Conversion Rate Optimisation French / English consultant
hmm Isn't that how k-sig, built into Kazaa Lite K++, works, by tracking MD5 hashes so ppl get exactly the file they want.
Changing MD5 hashes on songs to avoid RIAA would also lessen the effectiveness of K-SIG. Trading hashes of know working files was one of the ways ppl on P2p avoided downloading those fake RIAA files.
Yes, because for them to know that you have the MP3s, you have to be sharing them, which is the illegal part.
-- Dr. Eldarion --
Any modification, to ANY bit of the file covered by the hash, will change the MD5 hash (that's how hashes work). If you assume the hash includes the ID3 tag info, then simply editing the info (putting something in the notes field, for example) would change the hash.
On the other hand, if I were the RIAA attempting to identify common files in this way, I might be inclined to exclude the ID3 tag from the MD5 computation since it is so easily modified.
Any changes to the actual content, though, will ripple into the MD5 computation.
Short answer: "normalizing" the file for volume, or even chopping off a few seconds of trailing silence with something like CoolEdit will certainly change the hash and make it distinct from whatever their baseline hash value is.

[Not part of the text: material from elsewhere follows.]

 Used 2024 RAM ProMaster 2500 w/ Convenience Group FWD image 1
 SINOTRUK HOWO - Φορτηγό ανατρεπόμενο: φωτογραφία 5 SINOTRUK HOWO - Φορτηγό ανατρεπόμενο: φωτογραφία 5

The only problem is that a lot of file sharing software uses the fact that 2 files (from different sources) have the same hash in order to swarm the download from multiple sources. If everybody goes around intentionally making their mp3s have different hashes, swarming basically won't work anymore.
No, I don't want a free iPod
(This wouldn't, though, be a defense for the central problem that she made all of these MP3s available for download by millions of anonymous strangers without the consent of the copyright holders. And assuming her identity is revealed and she is sued, if the "ambiguous" claim's alternative interpretation is correct, she'll be able to show the CDs to the Judge.)
You are not alone. This is not normal. None of this is normal.
Pretty much no rip is identical.
First step: the *.wav is ripped. Using libcdparanoia, which i personally perfer, i find slight variation in size depending on the machine and cdrom drive i rip them on.
Second step: encoding on different machines, with different encoders, using different algorythms, using different levels of floating point precision, on different architectures etc... produces vastly different files.
Third step: sharing. Oftentimes an mp3 is downloaded 99.8% before the connection is broken. You keep the mp3 becuase mp3 is a sequential file format and you only lose a second or two of music. The rest of the file is intact.
Their md5 searching scheme could be circumvented quite easily by changing a comment in the id3 but they could get around that by cutting out the id3 part of the file when they make their md5sum.
The downside to this is that if you are searching for music on something like gnutella by the ***sum, the content would differ and you would not get as many results. Gnutella would not download from multiple sources becuase the file would not have the same signature.
Whatever the case, it is clear that some form of file obfuscation is now needed for safety online. Or we can wait for freenet to mature.
http://news.bbc.co.uk/1/hi/entertainment/music/318 7695.stm
:wq
> This proof of RIAA is as good as the SCO evidences of greek language or bsd firewall code against linux
/. were clamoring for some MD5 sums instead...
Uh, actually this is irrefutable proof. It will miss a lot of songs, but it is virtually guaranteed to not give false positives. This is much more solid proof than SCO had.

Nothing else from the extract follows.